Brian: "I think I would be dreaming. [with that adorable exaggerated incredulousness seen only in kids] How would my brain be in a cat?"
Me: [Thinking but never saying "That's my boy." I try my best to get them to think for answers in this area rather than give them a package of answers, which, in a way, is passing on my Agnosticism, I suppose :-).] "That is a puzzle. Did she give you any testable evidence? Maybe we could think about it."
Brian: "What is testable evidence?"
Me: [somehow not realizing I've overreached, and slipping way out of the boundary of appropriate 1st grade complexity] "Sometimes our brains can trick us into feeling some things are true when they are not, like when some kids think there are monsters. Did she tell you something everyone could do or observe to evaluate whether or not people can be cats before they are people? " [silent thought] "I mean, did she give you a fact that any person could objectively and reasonably defer to as a reason to think a person was reincarnated? If she did, then we could evaluate that evidence, and better decide how likely reincarnation is."
[Silence, as Brian tries to figure out the mess in what his Papa just said, and as we pull into the garage.]
Alan: [having been quiet all this time, and ready to put a period on this boring conversation] "I'm going to be a bird!.. Can I have a snack?"
Oh well :-). Not every day can have a profound message, and not every day can anyone get parenting right on key.
I am curious, though, New Age parents aside (as they're rare here), do LDS parents tell their children to talk to other children about their religion at school or does that just happen? It seems once a week we hear about their classmates talking about the "invisible face in the sky" and all the great things they're promised in heaven.
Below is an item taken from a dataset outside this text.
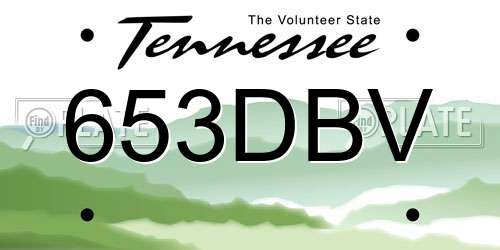653DBV Tennessee License Plate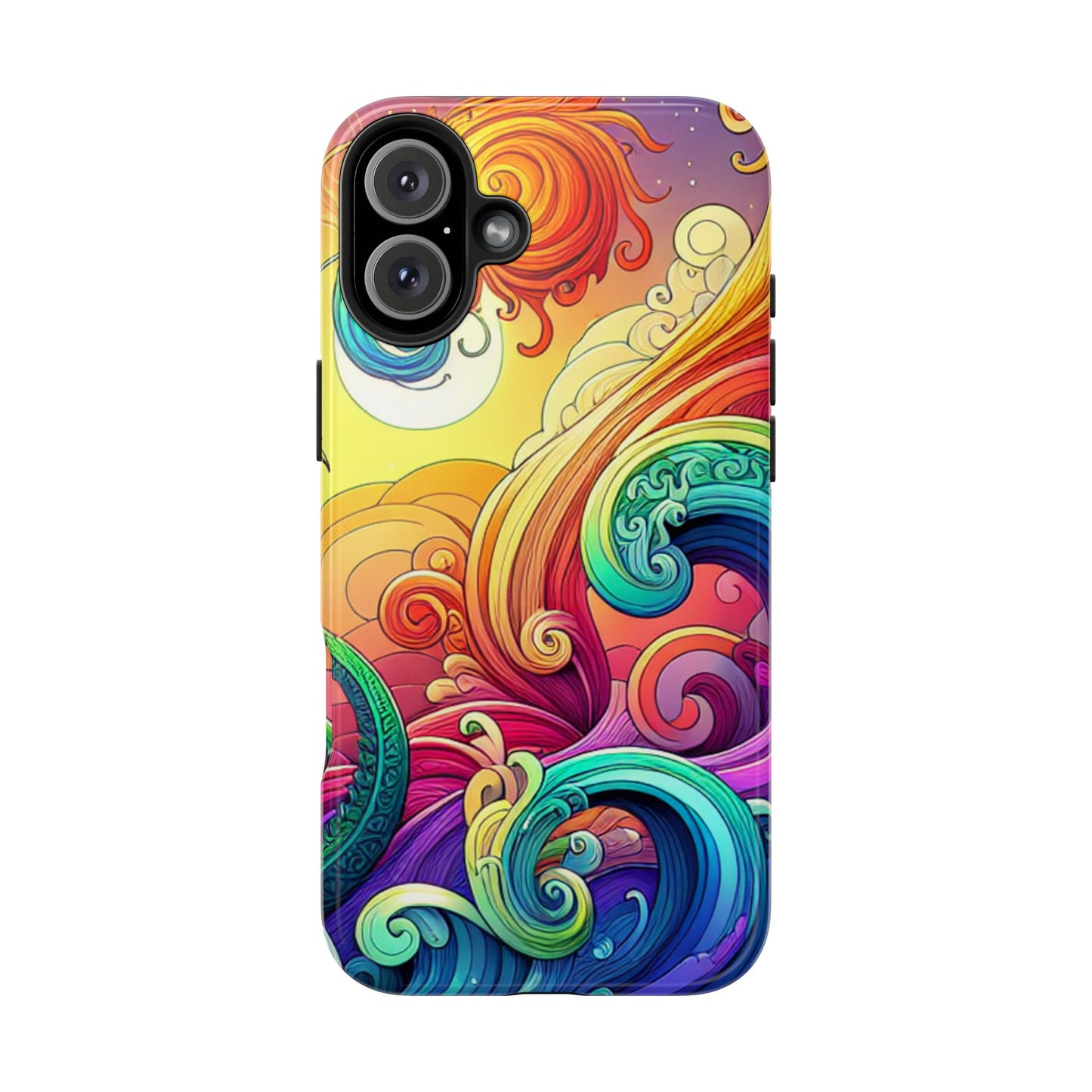 Fantasy Ocean Waves Tough Phone Case - Colorful Protective Cover - for iPhone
While, in general, I don't want my kids questioning another kid's faith at school, and I want them to be judicious about doing so if that kid pushed his/her faith first, I could see talk of reincarnation, heaven and invisible faces in the sky as great learning opportunities (as long as I don't blow it in getting too complex :-)). I don't mind that, even if the kids are told to proselytize in 1st grade. But when such talk of eventual rewards and invisible benefactors begins being tied to the faith that our family is supernaturally lacking, or non-ideal, or even evil or should never have been... I do worry about that. I'll have to bring my A-game that day.